At present, the recovery method of dye wastewater mainly comprises adsorbent desorption and membrane treatment. For example, chinese patent application No. cn201810288666.x discloses a method for recovering residual dye by filtering dye wastewater and recycling the residual dye by a recycling process. At present, the key point of dye wastewater resource is to recycle dyes, but the subsequent reuse of the dyes is lacked.
Through search, relevant patents and published documents for realizing the recycling of dye wastewater in the form of a dye-boron nitride composite photocatalytic material are not found.
Disclosure of Invention
The invention aims to overcome the defects in the prior art, provides a method for preparing a dye-boron nitride composite photocatalytic material and application thereof, and realizes resource utilization of dye wastewater.

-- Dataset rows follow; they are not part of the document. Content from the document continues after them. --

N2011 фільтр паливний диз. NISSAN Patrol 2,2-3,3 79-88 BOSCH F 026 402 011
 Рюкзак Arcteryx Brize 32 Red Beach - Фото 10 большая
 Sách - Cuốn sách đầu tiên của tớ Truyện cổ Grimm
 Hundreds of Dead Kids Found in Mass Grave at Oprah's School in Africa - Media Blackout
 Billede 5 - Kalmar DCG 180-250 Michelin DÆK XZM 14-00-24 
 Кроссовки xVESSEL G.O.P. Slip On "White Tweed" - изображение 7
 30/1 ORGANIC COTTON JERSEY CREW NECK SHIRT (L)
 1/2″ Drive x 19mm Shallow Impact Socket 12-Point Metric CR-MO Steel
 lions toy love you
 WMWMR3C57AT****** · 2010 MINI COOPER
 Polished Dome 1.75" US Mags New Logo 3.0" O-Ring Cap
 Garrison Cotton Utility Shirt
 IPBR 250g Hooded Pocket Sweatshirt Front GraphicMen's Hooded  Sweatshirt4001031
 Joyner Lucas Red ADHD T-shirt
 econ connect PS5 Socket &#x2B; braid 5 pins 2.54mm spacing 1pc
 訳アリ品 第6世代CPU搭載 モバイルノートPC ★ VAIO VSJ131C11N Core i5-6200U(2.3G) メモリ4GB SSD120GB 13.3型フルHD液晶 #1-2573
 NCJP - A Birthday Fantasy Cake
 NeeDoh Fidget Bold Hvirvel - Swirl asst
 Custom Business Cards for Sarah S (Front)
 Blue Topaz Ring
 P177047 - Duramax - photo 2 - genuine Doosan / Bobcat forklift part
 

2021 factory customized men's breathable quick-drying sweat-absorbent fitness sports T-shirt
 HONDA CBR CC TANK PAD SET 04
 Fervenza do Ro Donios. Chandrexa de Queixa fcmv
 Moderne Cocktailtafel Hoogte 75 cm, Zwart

In order to achieve the purpose, the technical scheme adopted by the invention is as follows:
the invention provides a method for preparing a dye-boron nitride composite photocatalytic material, which comprises the following steps:
preparing dye wastewater: adding a dye into water to prepare dye wastewater with the concentration of 20-100 mg/L;
preparing boron nitride: according to the mass ratio of 2: 1, weighing urea and diboron trioxide, uniformly mixing, reacting at the constant temperature of 1100 ℃ for 3-5 h to prepare a boron nitride powder material, washing, drying and grinding to obtain a powder boron nitride sample;
preparation of dye-boron nitride compound: weighing and mixing dye wastewater and a powder boron nitride sample; stirring at normal temperature and in the dark for at least 360 min, standing for at least 30 min, centrifuging, taking out the solid, and drying at 60-100 ℃ for 6-10 h to obtain the dye-boron nitride composite photocatalytic material.
Further, in the step of preparing the dye-boron nitride compound, the mass ratio of the dye to the boron nitride is 1: 1.5 weighing the dye wastewater and the powder boron nitride sample.
Further, the dye is rhodamine B and/or methylene blue.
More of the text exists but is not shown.